Why is the machine algorithm so inefficient as compared to a human child?

The key to understanding the reason behind this inefficiency is to appreciate that what looks like a “1” to us looks like white noise to an algorithm. Algorithms have absolutely no idea about the nature of our world.

Just like an alien data set will likely look random and incomprehensible to us. To an algorithm, the following two images are exactly the same because it knows nothing about our world.

These two looks the same to a machine learning algorithm (image via here)

The secret to quick learning in humans: evolution

Evolution explains why humans are able to learn generic patterns using only a few examples. We haven’t popped into existence ex nihilo. Our existence is a result of several billion years of evolution where organisms who “knew” more about the world survived better than the ones who had no clue.

For example, a deer who didn’t “know” that a moving predator (cheetah) will soon reach close to it died pretty soon. Similarly, a deer who didn’t “know” that broken tree branches fall down also died pretty soon. On the other hand, the deer who had the “hunch” of running away from moving objects learned that moving things collide and hence survived.

In this way, the process of evolution encodes information about the world in an organism at a very deep level. That is why we do not have to “think” and solve for Newton’s law of motion to know that a flying spear can hit us.

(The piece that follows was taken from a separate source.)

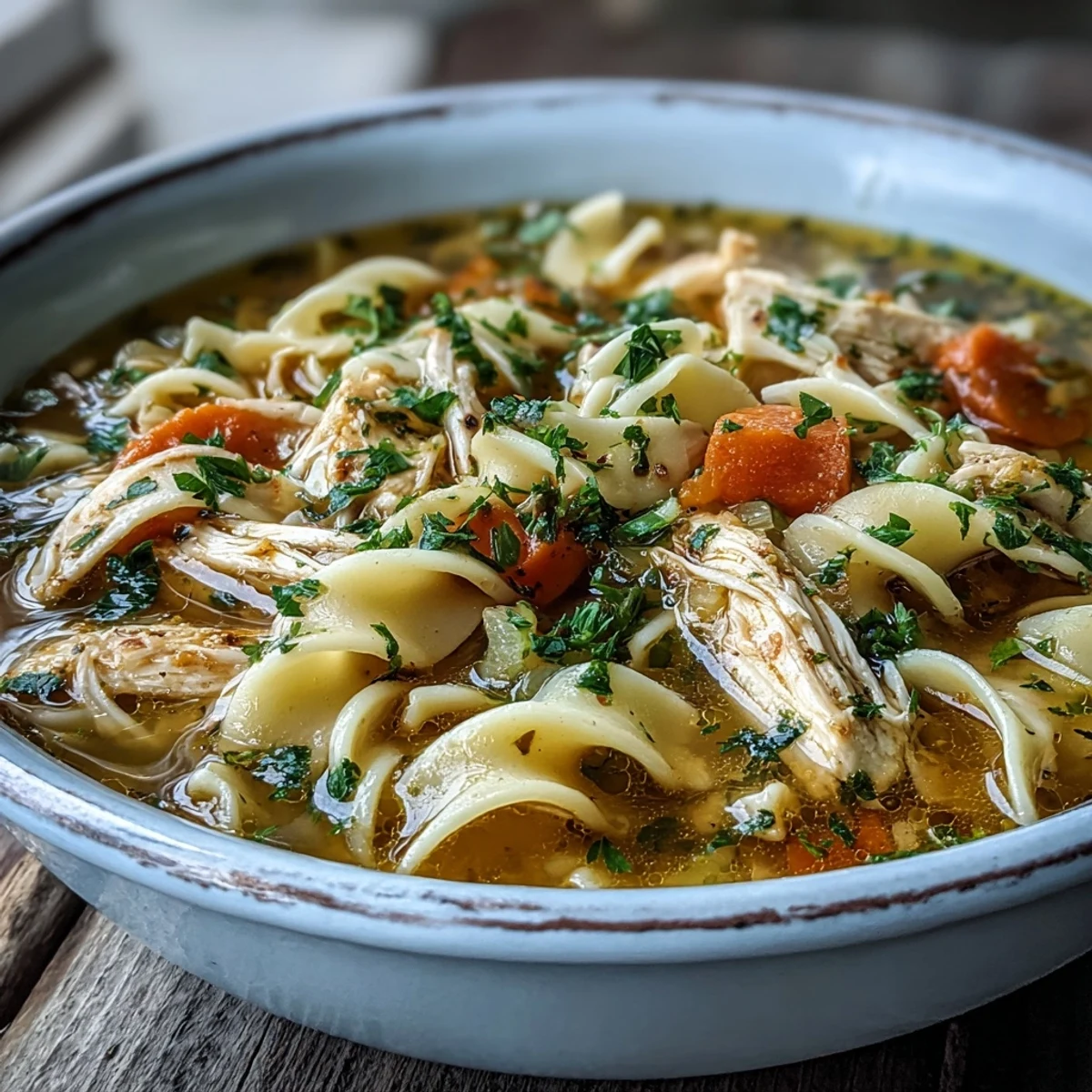 A close-up of steaming Chicken and Noodle Soup with tender shredded chicken, carrots, celery, and wide egg noodles in a savory golden broth, topped with fresh parsley.  
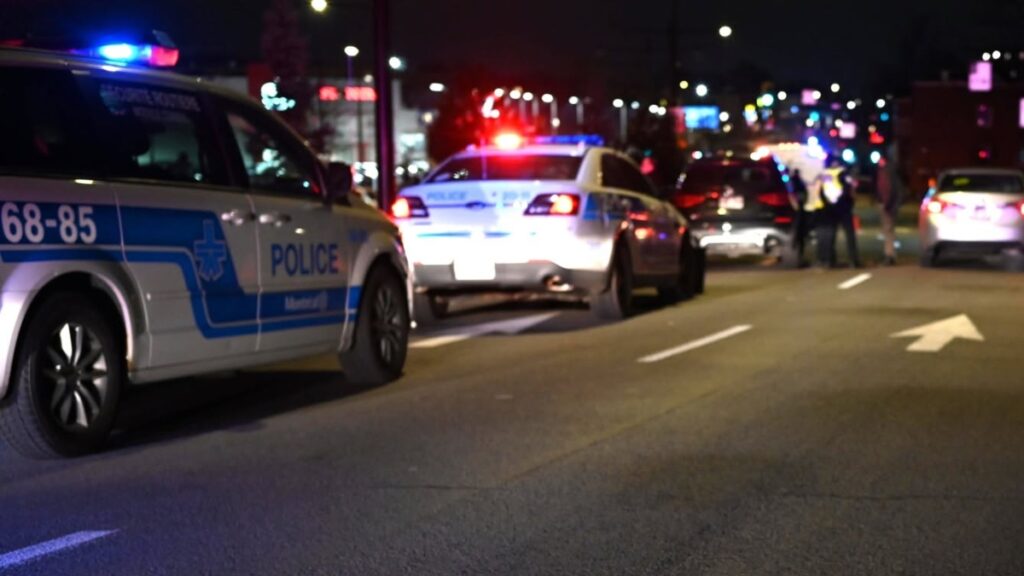 Escena del tiroteo en el hotel Hilton de Montreal con presencia policial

In case of handwritten digits, it is our background knowledge that helps make learning from a few examples possible. The first piece of knowledge is about how human hands work. While writing, rather than pushing the pen in random directions, we always make strokes. It’s due to how our hands’ physical structure has evolved. It’s a fact that most (all?) written languages have characters which require stroke-like patterns.

If you know that fact about human hands, it’s far easier to guess what strokes constitute what digits, rather than what exact sequence of pixels constitute what digits.

All English characters are written using few strokes

On the contrary, a machine learning algorithm doesn’t know anything about human hands. For an algorithm with zero background knowledge, first, it has to learn that we use strokes. Then, even after learning about strokes, it has to learn that we use few strokes (say, less than five) rather than say a million strokes to write digits.

So it’s no surprise that machine learning algorithm require such a large training data set to make any sense of our world.

Why machine learning algorithms beat grandmasters at Chess

Our hands evolved for precise tool handling and hence we use similar patterns while using a pen, hence we use strokes for writing. Our brains evolved to help us navigate social situations. If you cast abstract logical problems as social situations, our brains solve them faster.

This explains why machine learning algorithms are much better than humans at tasks that are more recent in our history (chess, detecting cancer, etc.) These problems have a structure that’s very different than what’s found in nature.

The sample space of valid chess moves is mathematical and has no analog in the world where humans evolved. Though humans have a leg up when it comes to having background knowledge that there are such things such as valid or invalid moves, but beyond that, unlike recognizing handwritten digits where learning is “automatic”, humans have to master chess through years of practice. So it’s no wonder that a machine learning algorithm can practice a lot more and get much better than humans at chess.

Next time you wonder why a machine learning algorithm can’t do something that occurs to you as “common sense” (such as telling jazz and blues apart, or laughing at a joke), know that evolution has taken billions of years to embed in you a “gut knowledge” about these things while machine learning algorithm starts from ground zero. Your brain is not just a computer. It’s a computer with a huge amount of background knowledge about physics of our world and the social structure of human groups.